| ESP Journal of Engineering & Technology Advancements |
| © 2025 by ESP JETA |
| Volume 5 Issue 4 |
| Year of Publication : 2025 |
| Authors : Sachin Francis |
:10.56472/25832646/JETA-V5I4P119 |
Sachin Francis, 2025. "FlowMind: Mining Real User Telemetry to Power LLM-Driven Autonomous App Testing", ESP Journal of Engineering & Technology Advancements 5(4): 128-137.

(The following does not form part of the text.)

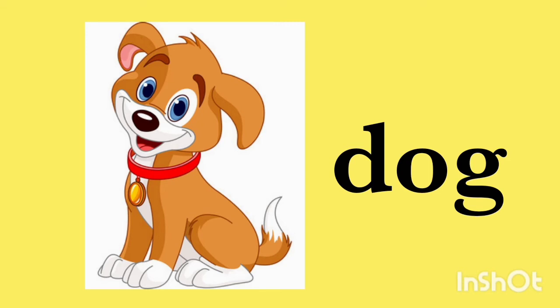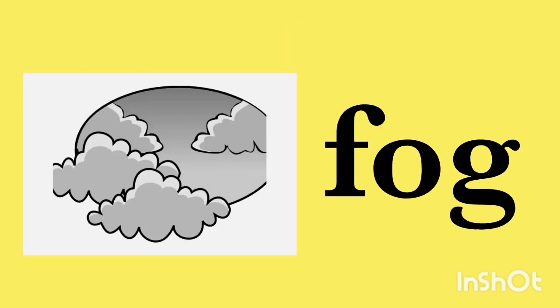The next one is fog. F-O-G, fog. You can see fog in winters. F-O-G, fog.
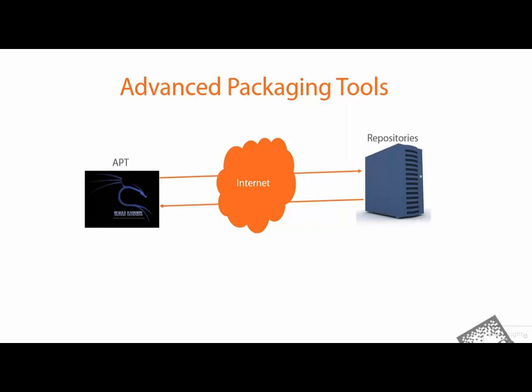Advanced Packaging Tools, or APT, extends the functionalities of Debian packages by searching repositories and installing or upgrading packages along with all the required dependencies.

Automated testing is the cornerstone of software reliability. But authoring and maintaining functional regression tests continues to demand significant manual effort. Traditional approaches such as Espresso and Appium require engineers to script explicit user interactions into the tests. This rapidly becomes brittle as product features evolve. At the same time, every modern application already captures extensive telemetry data. Those include, but not limited to, screen impressions, navigations and user interactions. This represents a detailed record of real user behavior on the app.FlowMind leverages this untapped data source to enable autonomous regression testing without manual test derivation and coding / scripting. By mining tracking and telemetry logs to identify the most frequent user flows, FlowMind generates a structured schema describing real interaction sequences. A semantic repository links telemetry identifiers to human-understandable UI components, allowing a large language model driven agent to interpret and execute these flows directly within the application. The system autonomously navigates, validates, and adapts to UI changes, achieving realistic and evolving test coverage aligned with production usage patterns. A prototype implementation demonstrates that FlowMind achieves comparable coverage to manually authored tests while reducing creation and maintenance effort by more than 80%. FlowMind points toward a new paradigm of tracking / telemetry-driven, self-evolving testing.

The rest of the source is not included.